3. Yaudheyadi group, is repeated twice in the Ashtadhyayi (IV.1.178) and (V.3.117), a phenomenon somewhat unusual. Nine names are common to both groups and they alone seem to be genuine.

(1) Yaudheya, as explained above.

(2) Śaubhreya (शौभ्रेय), probably named after original ancestor Shubhra referred to in Sutra (IV.1.123). The name was possibly connected with the Sabarcae of Curtius, who are named as Sabagrae by Orosius.

After the battle with the Oxydrakai (Kshudrakas) near the old junction of Ravi River with Chenab River, Alexander, marched towards the Subarcae, a powerful Indian tribe where the form of govt was democratic and not regal (Curtius). Their army consisted of 60000 foot and 6000 cavalry attended by 500 chariots. They had elected three generals renowned for their valour and military skill. The above description points to the Sabarcae having been an ayudhajivi Sangha, which the Saubhreyas of Panini were. In this case Greeks particularly noted the form of Govt which was democratic and not regal.

The territory of the Sangha lay on the lower course of the Chenab after it mate the Ravi River. The tribe was settled near the river by which Alexander was returning with his fleet after his battle with Kshudraka-Malavas. Both banks of river were thickly studded with villages.

[p.450]: (3) Śaukreya (शौक्रेय). Probably the Scythian tribe Sakarauloi, mentioned as Saruka, along with Pasionoi (Prāchīnī) in the Puṇyaśālā Inscription at Mathura.

(4) Vārteya – May be identified with the Indian tribe Oreitai, settled to the west of the river Porali which now falls in to the Sonmiani Bay, west of Karachi. (cf. Saunamāneya in Subhrādi gana IV.1.123;IV.1.86). According to Curtius the tribe had long maintained its independence in those parts and it negotiated peace with Alexander through their leaders, which reflects its Sangha character.

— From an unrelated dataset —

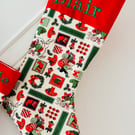 Personalised large Christmas stocking - cowboy print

On the east of river Arabis (old name of Porali) was another independent tribe which the Greeks called Arabitai, corresponding to Sanskrit Ārabhaṭa (the home of the Ārabhaṭi vritti), a word unknown in Paninian geography, but both of them as the Greeks noted, lay within the geographical limits of India.

(5) Dhārteya – unidentified, probably the same as the Dārteyas. The Greek writers mention Dyrta as a town of Assakenoi or the Āśvakāyanas of Massaga, and this may have been the capital of the Darteyas.

(6) Jyābāṇeya (ज्याबाणेय), a war like tribe whose bow-sting served arrow. The Vratyas of Tandya Br. (XVII.124) and Srautasutra appear to be the same as Panini’s Ashtadhyayi Sangha of Vrata type. Amongst them we have a feature called jyā-hroda, a king of bow not for shooting arrows ḍwhich seems to be a contrivance for hurling sling balls, most probably a pellet-bow. The Jyabaneyas seem to be section of these Vratyas. The Mahabharata specifically mentions the Mountaineers (Parvatiyas) as experts in fighting by hurling stone-blocks as big as elephant heads, and secondly by shooting stone balls with slings (kshepaṇīya, Dronaparva,121.34-35).

(7) Trigarta (त्रीगर्त) – It is mentioned here again although its

[p.451]: constituent states (Trigarta-Shashthas) have been referred to only in the preceding Sutra V.3.116

(8) Bharata (भारत) - This gana alone mentions Bharatas as an ayudhjivi Sangha. It must be some old tradition, otherwise Panini locates them in Kuru region, on the borderland of the Udichya and Prachya divisions of India. According to another sutra the Kurus lived under a regal form of government. It seems that these Bharatas lived round about Kurukshetra as a Sangha in Panini’s times.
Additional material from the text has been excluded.